Agent Tunnels
When a tunnel is started inside a space, the knot agent can own it for you so it keeps running even after the command that launched it exits. This is distinct from desktop tunnels, which run as a foreground process on your local machine for the life of that command.
Agent-owned tunnels live for the lifetime of the knot agent — they are not persisted, so they stop if the space (and therefore the agent) is stopped or restarted.

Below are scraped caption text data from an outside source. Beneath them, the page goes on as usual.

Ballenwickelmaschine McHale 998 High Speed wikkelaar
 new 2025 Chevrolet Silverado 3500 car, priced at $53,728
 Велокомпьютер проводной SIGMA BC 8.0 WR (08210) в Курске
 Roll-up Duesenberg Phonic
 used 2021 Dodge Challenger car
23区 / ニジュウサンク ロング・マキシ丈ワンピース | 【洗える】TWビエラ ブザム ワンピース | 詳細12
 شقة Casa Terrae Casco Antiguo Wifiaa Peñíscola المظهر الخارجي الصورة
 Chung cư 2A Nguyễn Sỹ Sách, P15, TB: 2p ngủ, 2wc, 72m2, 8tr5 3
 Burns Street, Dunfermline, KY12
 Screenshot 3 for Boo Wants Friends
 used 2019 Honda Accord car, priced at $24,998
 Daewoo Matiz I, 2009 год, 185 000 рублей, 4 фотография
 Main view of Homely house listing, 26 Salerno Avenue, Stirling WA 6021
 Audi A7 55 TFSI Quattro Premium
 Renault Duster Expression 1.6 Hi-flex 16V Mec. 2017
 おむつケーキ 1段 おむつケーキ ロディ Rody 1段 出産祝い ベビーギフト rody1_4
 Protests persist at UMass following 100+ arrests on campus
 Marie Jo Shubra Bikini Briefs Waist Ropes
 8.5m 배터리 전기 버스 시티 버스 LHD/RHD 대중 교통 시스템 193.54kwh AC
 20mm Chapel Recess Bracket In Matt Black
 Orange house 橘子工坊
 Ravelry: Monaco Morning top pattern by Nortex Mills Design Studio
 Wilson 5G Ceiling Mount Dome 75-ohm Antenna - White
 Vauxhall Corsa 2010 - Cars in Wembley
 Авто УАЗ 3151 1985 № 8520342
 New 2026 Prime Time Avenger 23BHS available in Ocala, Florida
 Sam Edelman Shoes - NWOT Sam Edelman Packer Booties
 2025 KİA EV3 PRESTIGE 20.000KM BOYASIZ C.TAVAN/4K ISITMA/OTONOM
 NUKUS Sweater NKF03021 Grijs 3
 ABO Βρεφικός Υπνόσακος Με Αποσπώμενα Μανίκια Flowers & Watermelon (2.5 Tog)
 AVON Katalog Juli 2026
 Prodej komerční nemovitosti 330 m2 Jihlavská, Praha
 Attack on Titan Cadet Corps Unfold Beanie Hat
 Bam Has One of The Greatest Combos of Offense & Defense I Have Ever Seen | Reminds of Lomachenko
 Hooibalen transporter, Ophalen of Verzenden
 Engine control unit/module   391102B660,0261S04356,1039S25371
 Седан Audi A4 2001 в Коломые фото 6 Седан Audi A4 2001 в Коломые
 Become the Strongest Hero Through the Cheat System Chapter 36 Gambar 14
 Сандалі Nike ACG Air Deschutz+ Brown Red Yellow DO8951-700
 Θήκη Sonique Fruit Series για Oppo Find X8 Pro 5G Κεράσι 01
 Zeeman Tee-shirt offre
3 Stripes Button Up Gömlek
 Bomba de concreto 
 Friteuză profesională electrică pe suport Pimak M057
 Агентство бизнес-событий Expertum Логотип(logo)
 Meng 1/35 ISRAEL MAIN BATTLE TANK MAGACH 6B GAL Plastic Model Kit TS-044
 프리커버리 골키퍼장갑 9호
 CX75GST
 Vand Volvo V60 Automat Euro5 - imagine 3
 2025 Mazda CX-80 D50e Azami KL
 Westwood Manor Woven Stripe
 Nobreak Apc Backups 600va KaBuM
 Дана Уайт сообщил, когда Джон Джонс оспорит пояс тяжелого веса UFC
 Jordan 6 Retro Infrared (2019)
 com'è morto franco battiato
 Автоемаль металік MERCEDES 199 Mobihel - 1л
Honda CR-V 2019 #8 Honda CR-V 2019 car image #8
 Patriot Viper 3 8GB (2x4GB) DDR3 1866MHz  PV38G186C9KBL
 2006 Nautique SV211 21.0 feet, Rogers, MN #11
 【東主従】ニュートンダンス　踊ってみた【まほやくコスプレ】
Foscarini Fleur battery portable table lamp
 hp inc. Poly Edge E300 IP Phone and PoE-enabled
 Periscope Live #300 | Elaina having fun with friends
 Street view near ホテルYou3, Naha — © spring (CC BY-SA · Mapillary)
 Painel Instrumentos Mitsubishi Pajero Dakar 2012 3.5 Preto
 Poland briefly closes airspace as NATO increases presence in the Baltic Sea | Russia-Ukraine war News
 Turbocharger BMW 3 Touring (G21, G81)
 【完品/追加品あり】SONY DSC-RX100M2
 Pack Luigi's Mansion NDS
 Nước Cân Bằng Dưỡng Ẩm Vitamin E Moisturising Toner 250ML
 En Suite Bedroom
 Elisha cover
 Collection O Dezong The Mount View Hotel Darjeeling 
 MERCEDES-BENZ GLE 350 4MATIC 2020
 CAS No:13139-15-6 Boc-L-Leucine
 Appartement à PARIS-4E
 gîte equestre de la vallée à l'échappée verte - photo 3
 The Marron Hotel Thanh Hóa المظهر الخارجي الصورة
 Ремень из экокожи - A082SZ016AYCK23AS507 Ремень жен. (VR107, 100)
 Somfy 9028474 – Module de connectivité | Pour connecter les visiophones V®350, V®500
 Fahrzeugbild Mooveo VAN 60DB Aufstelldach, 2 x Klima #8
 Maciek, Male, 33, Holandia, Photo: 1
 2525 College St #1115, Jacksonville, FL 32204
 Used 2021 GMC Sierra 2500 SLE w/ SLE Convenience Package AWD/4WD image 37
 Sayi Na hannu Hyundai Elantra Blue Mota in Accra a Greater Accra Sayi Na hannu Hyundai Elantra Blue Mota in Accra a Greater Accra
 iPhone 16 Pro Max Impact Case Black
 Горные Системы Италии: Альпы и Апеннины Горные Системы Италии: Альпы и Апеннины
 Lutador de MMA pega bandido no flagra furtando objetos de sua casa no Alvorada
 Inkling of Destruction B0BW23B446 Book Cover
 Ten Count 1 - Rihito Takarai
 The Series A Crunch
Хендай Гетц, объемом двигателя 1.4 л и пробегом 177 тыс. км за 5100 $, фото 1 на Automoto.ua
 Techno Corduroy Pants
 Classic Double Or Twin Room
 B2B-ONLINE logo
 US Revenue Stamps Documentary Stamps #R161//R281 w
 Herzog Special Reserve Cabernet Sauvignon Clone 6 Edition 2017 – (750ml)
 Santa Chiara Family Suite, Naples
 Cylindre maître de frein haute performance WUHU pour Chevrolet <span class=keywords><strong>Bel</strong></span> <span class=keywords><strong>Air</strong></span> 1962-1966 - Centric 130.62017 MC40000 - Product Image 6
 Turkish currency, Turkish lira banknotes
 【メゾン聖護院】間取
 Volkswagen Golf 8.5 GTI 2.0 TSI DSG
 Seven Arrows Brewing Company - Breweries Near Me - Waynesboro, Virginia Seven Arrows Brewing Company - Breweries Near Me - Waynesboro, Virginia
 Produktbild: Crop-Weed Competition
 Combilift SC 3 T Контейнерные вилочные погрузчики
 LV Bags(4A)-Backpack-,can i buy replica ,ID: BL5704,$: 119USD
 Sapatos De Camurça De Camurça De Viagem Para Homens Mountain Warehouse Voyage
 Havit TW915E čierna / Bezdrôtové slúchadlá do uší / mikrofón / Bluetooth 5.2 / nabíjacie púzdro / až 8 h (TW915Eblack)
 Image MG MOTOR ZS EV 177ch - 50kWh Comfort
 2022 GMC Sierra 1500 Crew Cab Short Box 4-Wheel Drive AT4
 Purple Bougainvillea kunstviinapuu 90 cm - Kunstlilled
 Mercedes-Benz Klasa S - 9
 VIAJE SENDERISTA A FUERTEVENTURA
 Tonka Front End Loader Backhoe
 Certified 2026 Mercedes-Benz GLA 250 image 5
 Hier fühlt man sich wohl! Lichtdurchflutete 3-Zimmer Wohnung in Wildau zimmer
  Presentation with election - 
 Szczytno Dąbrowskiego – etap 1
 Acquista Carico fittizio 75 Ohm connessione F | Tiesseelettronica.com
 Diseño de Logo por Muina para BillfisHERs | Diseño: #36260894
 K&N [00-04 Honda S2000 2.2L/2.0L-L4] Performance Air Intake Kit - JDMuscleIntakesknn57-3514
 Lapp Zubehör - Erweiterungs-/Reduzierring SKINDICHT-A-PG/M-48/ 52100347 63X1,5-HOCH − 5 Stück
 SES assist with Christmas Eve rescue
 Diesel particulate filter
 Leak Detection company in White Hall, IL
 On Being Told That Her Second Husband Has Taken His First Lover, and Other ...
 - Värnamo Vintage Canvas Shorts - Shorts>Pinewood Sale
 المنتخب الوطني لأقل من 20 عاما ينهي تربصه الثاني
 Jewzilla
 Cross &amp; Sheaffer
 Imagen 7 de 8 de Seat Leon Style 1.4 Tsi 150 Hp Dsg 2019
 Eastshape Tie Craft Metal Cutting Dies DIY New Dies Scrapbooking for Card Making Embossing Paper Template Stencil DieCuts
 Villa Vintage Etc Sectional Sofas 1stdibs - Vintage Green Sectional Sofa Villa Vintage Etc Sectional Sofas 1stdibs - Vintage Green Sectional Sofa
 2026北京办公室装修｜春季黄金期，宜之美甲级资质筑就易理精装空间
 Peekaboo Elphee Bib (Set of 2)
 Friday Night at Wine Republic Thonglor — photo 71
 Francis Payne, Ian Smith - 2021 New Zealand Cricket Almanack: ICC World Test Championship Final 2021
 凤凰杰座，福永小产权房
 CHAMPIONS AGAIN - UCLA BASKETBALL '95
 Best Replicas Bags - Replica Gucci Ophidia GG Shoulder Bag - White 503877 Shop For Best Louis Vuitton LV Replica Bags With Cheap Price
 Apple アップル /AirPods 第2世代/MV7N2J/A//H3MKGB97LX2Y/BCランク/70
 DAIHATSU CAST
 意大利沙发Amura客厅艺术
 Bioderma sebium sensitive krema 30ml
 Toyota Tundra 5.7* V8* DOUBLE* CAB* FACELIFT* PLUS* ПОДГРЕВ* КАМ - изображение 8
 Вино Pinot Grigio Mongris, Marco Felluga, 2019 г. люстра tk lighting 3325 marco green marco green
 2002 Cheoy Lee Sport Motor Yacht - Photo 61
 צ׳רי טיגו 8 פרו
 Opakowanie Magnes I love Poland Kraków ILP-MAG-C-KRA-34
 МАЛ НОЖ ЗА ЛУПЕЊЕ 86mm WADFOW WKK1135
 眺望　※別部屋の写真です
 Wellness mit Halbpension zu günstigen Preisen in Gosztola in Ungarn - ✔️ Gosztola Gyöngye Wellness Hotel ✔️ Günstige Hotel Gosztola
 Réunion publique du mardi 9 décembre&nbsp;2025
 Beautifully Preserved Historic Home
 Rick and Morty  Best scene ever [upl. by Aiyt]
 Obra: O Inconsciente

You can manage them either inside the space (knot tunnel ...) or
remotely from the desktop (knot space tunnel ...). Both operate on the same
agent-owned registry, so a tunnel started one way is visible to the other.
Prerequisites
- The knot server must be configured for tunnels.
- Inside a space: run
knot tunnel ...in a terminal in the space. The--daemon,stop, andlistsubcommands require the knot agent. - From the desktop: run
knot space tunnel ...(the space must be running). This drives the space’s agent remotely via the knot server.
Starting a Tunnel
Foreground (default)
knot tunnel http 8080 test1This opens an HTTP tunnel exposing local port 8080 as
<user>--test1.<tunnel_domain>. The tunnel stays active until you press
Ctrl-C (or the process is killed), exactly as before.
Use https instead of http for an HTTPS tunnel:
knot tunnel https 8443 secure1Daemon mode
Add --daemon to hand the tunnel to the knot agent and return immediately:
knot tunnel http 8080 test1 --daemon- The command prints the tunnel URL and exits.
- The tunnel is owned by the agent and runs until the agent exits, or until you stop it explicitly.
- The agent uses its own server credentials, so no
--server/--tokenflags are needed (or used) in daemon mode.
Stopping a Tunnel
Stop a daemon-owned tunnel by its name:
knot tunnel stop test1This only affects tunnels owned by the agent. A foreground tunnel started
without --daemon is stopped by exiting that process (e.g. Ctrl-C).
Listing Tunnels
List all tunnels currently owned by the agent:
knot tunnel listExample output:
Active tunnels:
test1 8080 http https://alice--test1.tunnels.knot.internalRemote Management
You can also manage a space’s agent-owned tunnels from the desktop with
knot space tunnel, without opening a terminal in the space. These commands
drive the same agent-owned registry through the knot server, so a tunnel started
from the desktop appears in knot tunnel list inside the space, and vice versa.
The space must be running.
Starting a tunnel
knot space tunnel http myspace 8080 test1Daemon mode is implied — the command prints the tunnel URL and exits, and the
tunnel is owned by the space’s agent. https is also supported.
Listing tunnels
knot space tunnel list myspaceStopping a tunnel
knot space tunnel stop myspace test1Scripting
Agent-owned tunnels can be managed from scripts via knot.space, which is
available in all scriptling environments (startup scripts, MCP tools, and
standalone scripts). The space must be running.
import knot.space as space
# Start a tunnel — returns the public URL
url = space.tunnel_start("myspace", "http", 8080, "myapp")
print(url)
# List active tunnels
for t in space.tunnel_list("myspace"):
print(t["name"], t["url"])
# Stop a tunnel by name
space.tunnel_stop("myspace", "myapp")These call the same server API as the knot space tunnel CLI commands, so a
tunnel started from a script is visible to knot tunnel list inside the space.
Behaviour Notes
- Not persistent: agent-owned tunnels are not stored anywhere. If the space is stopped or restarted, all daemon tunnels are removed and must be started again.
- One tunnel per name: starting a daemon tunnel with a name that already
has one is rejected. Use
knot tunnel stop <name>first. - Identity: the tunnel name is combined with the space owner’s username to
form
<user>--<name>.<domain>, just like desktop tunnels.